Remarks of the Rev. Katherine Hancock Ragsdale

Well Operation Save America came, they saw, they harassed, and they annoyed; but they did not close the clinic. The clinic stayed open, no patients were turned away, and the doors never closed. We remain victorious. And that victory is a good thing – but, make no mistake, even though OSA has gone home; our work is not done.

If we were to leave this park and discover that clinic violence had become a thing of the past, never to plague us again, that would be a very good thing, indeed; but, still, our work would not be done.

If we were to find that, while we were here, Congress had acted to insure that abortion would always be legal, that would be a very good thing; but our work would not be done.

Just how could Congress do that? They have no way of preventing future Congressmen from changing the law.

How will we know when our work is done? I suspect we’ll know it when we see it. But let me give you some sure indicators that it isn’t done yet:

– When doctors and pharmacists try to opt out of providing medical care, claiming it’s an act of conscience, our work is not done.
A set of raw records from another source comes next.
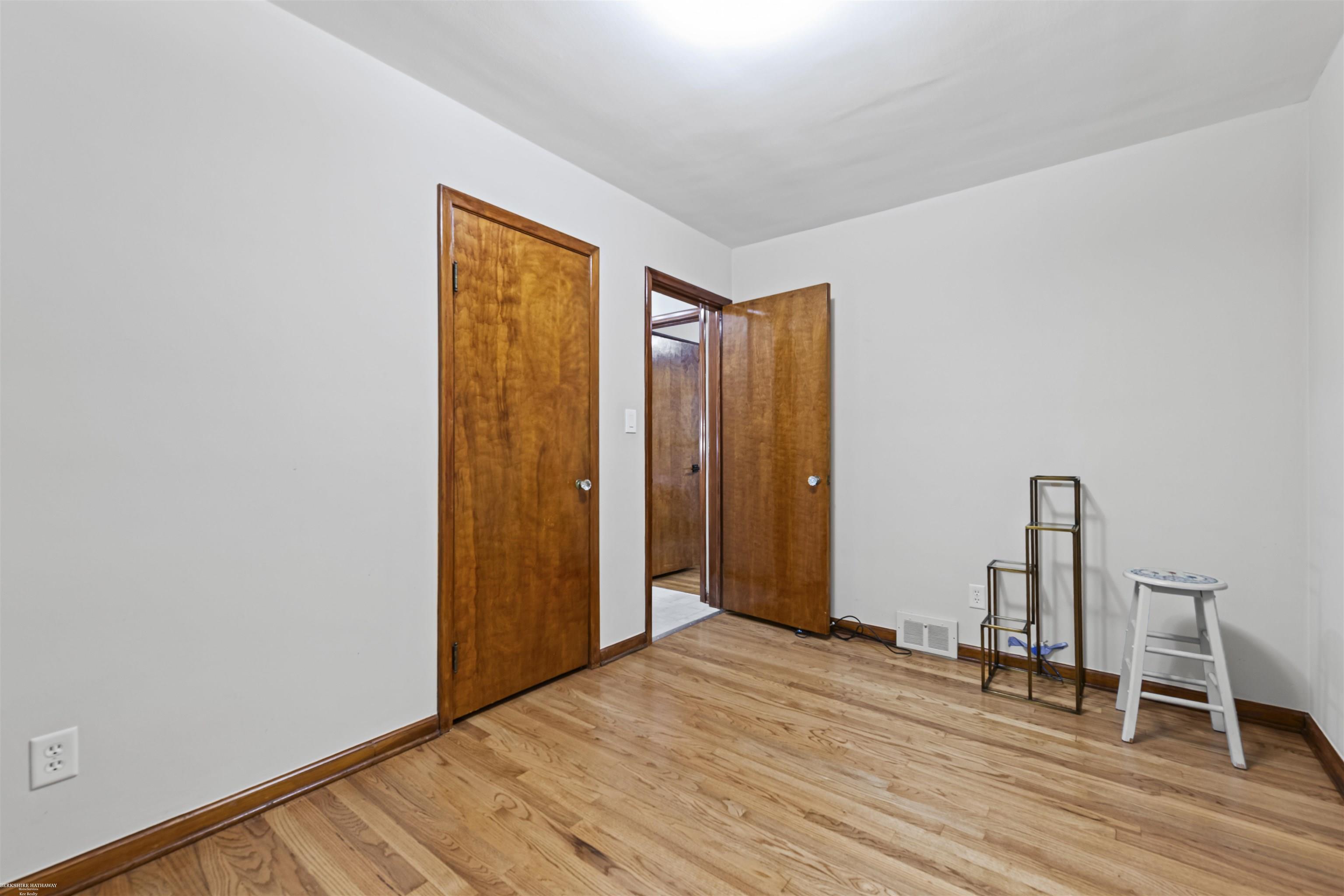 2147 Roslyn Road Grosse Pointe Woods, MI 48236 - Photo 16 of 32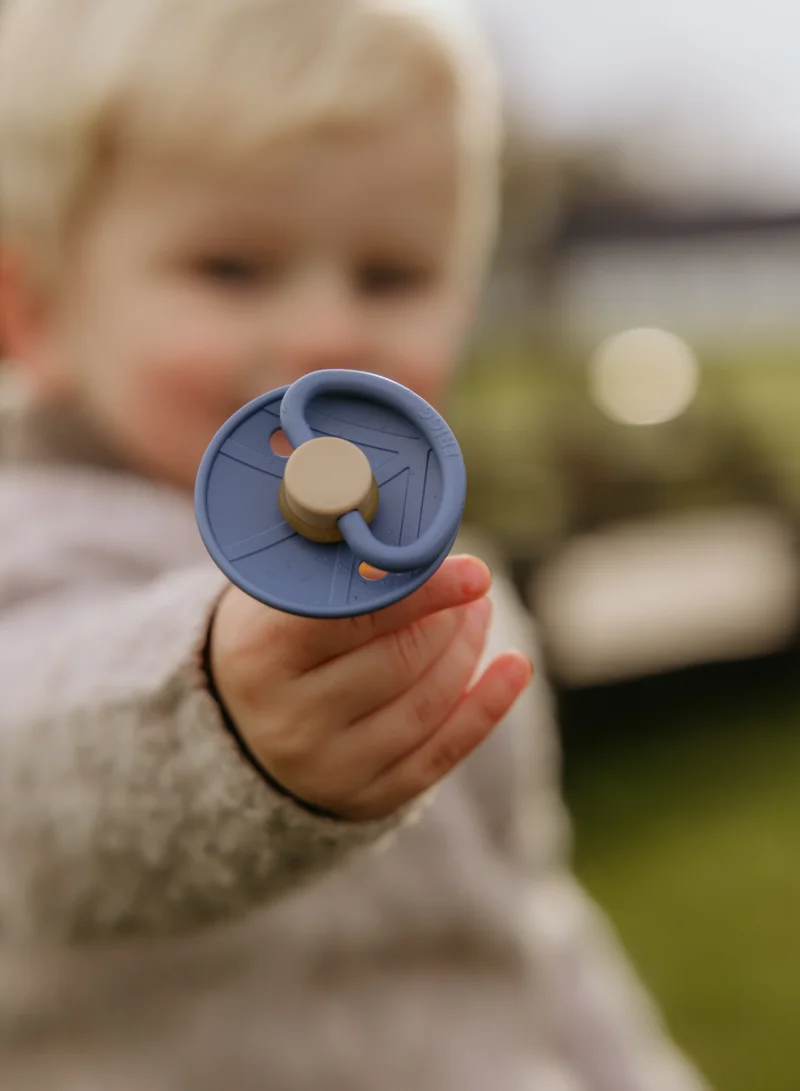 FRIGG Little Viking Latex Baby Pacifier 6-18M 1-Pack Harald Ocean View - Size 2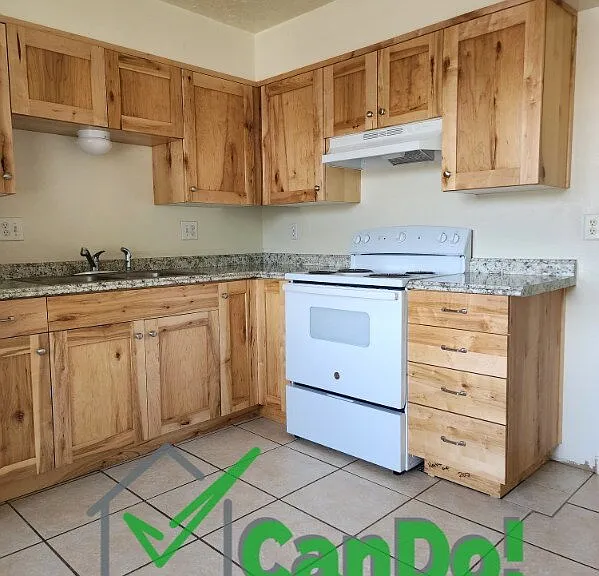 250 Carol Dr #1 — Photo 3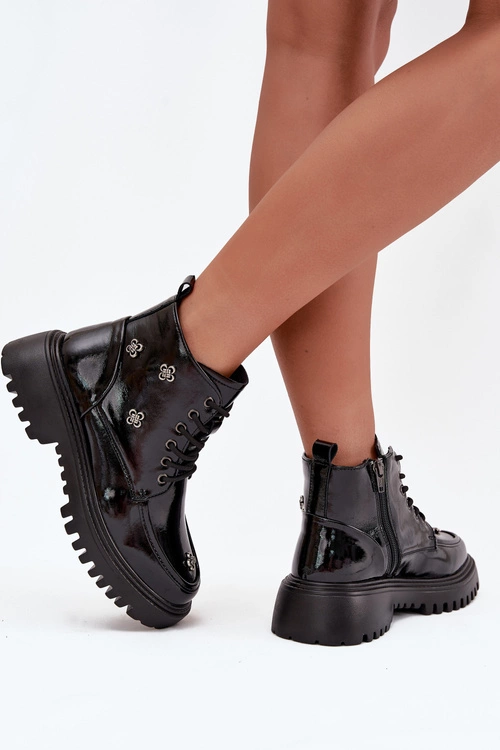 Skórzane Ocieplane Botki Damskie Z Ozdobami Lakierowane Artiker 57C0345 Czarne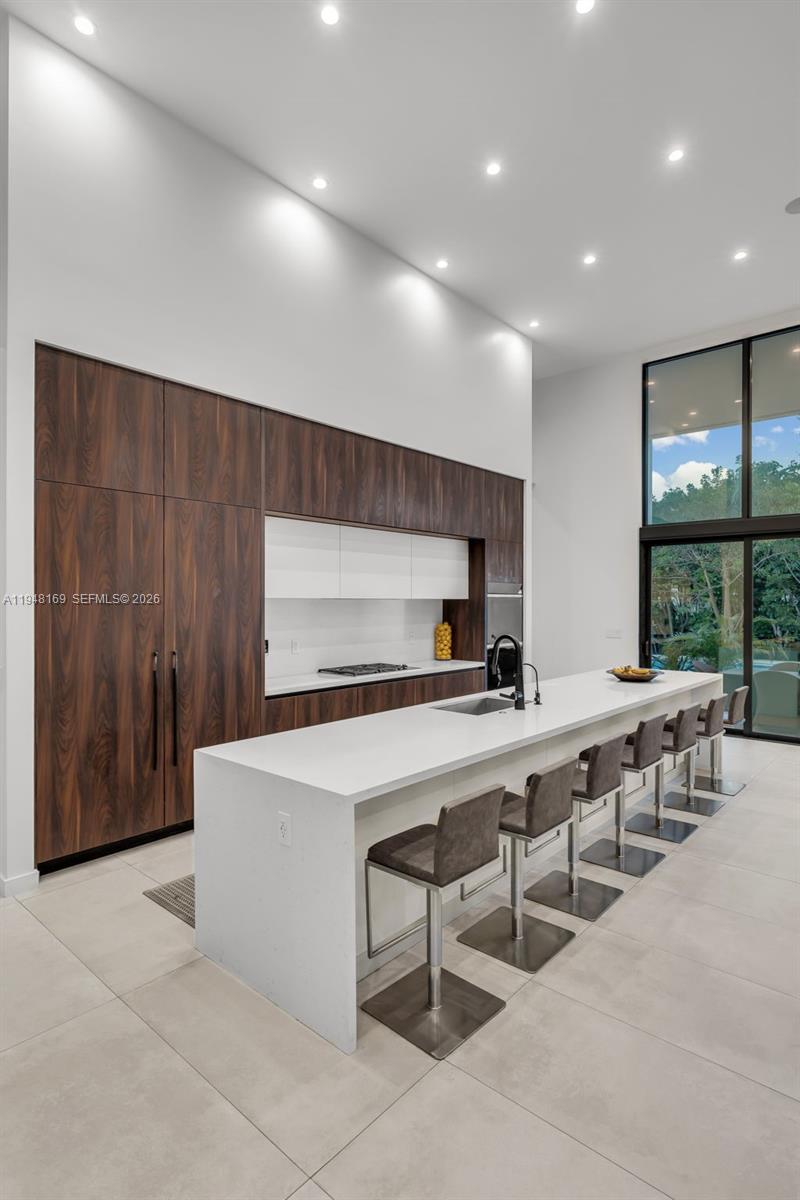 TOWN & RANCH ESTS - Residential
Let me say a bit more about that, because the religious community has long been an advocate of taking principled stands of conscience – even when such stands require civil disobedience. We’ve supported conscientious objectors, the Underground Railroad, freedom riders, sanctuary seekers, and anti-apartheid protestors. We support people who put their freedom and safety at risk for principles they believe in.

But let’s be clear, there’s a world of difference between those who engage in such civil disobedience, and pay the price, and doctors and pharmacists who insist that the rest of the world reorder itself to protect their consciences – that others pay the price for their principles.
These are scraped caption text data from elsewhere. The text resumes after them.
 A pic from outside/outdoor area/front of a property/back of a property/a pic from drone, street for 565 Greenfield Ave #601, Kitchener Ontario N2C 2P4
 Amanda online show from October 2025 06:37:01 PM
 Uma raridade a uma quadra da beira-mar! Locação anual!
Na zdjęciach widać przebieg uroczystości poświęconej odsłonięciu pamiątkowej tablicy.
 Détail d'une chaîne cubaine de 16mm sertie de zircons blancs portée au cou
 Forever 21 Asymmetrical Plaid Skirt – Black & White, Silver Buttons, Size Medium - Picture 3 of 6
A feminist abortion advocate is complaining about doctors and pharmacists insisting “that others pay the price for their principles”? I couldn’t make this shit up.
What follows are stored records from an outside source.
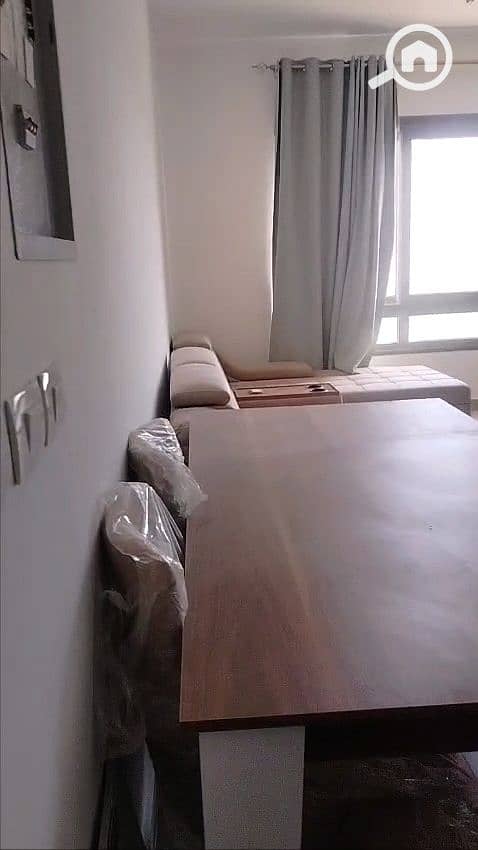 Basilia Talaat Mostafa Administrative Capital, a 100 square meter apartment for rent, furnished, in a very excellent location next to services. - Widok 3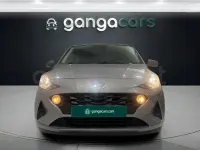 Usado Hyundai i10 67 CV (49 kW) 2022 Gris Utilitario
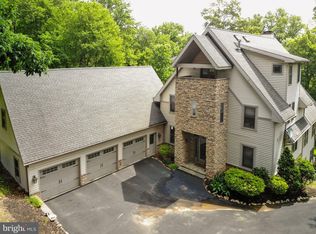 2153 Queens Ct, Reading, PA 19606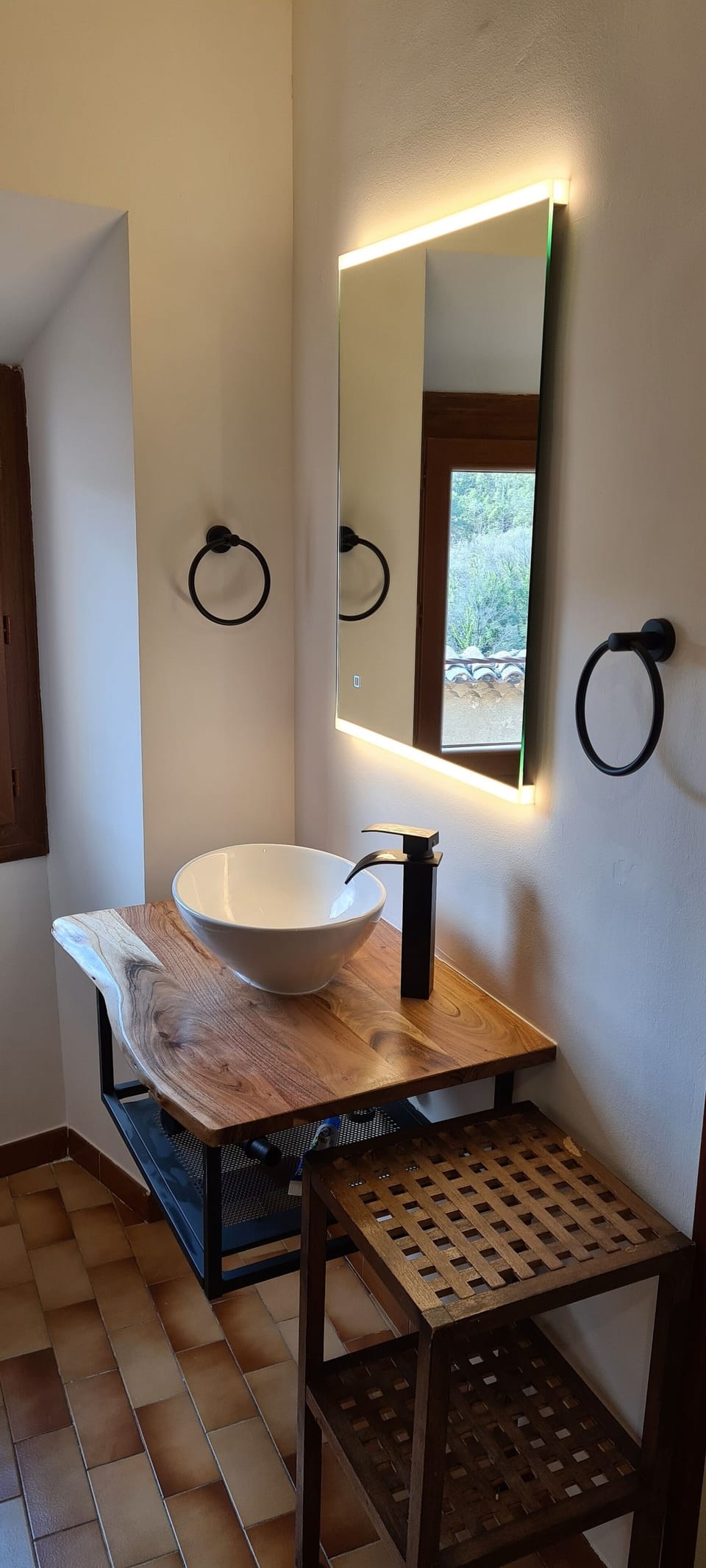 Standard Double Room Single Use, Hill View | Bathroom | Shower, free toiletries, hair dryer, towels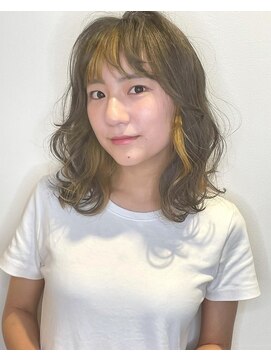 レナークイスト(LENAHC ist) グレージュ×イエロー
This isn’t particularly complicated. If your conscience forbids you to carry arms, don’t join the military or become a police officer. If you have qualms about animal experimentation, think hard before choosing to go into medical research. And, if you’re not prepared to provide the full range of reproductive health care (or prescriptions) to any woman who needs it then don’t go into obstetrics and gynecology, or internal or emergency medicine, or pharmacology. Choose another field! We’ll respect your consciences when you begin to take responsibility for them.

I’ll give you another example, Kathy, and not a particularly complicated one either. If your conscience demands that you promote the murder of babies, don’t get ordained as a Christian minister.

Also, don’t become a Christian if you’re a moral relativist. The two are mutually exclusive.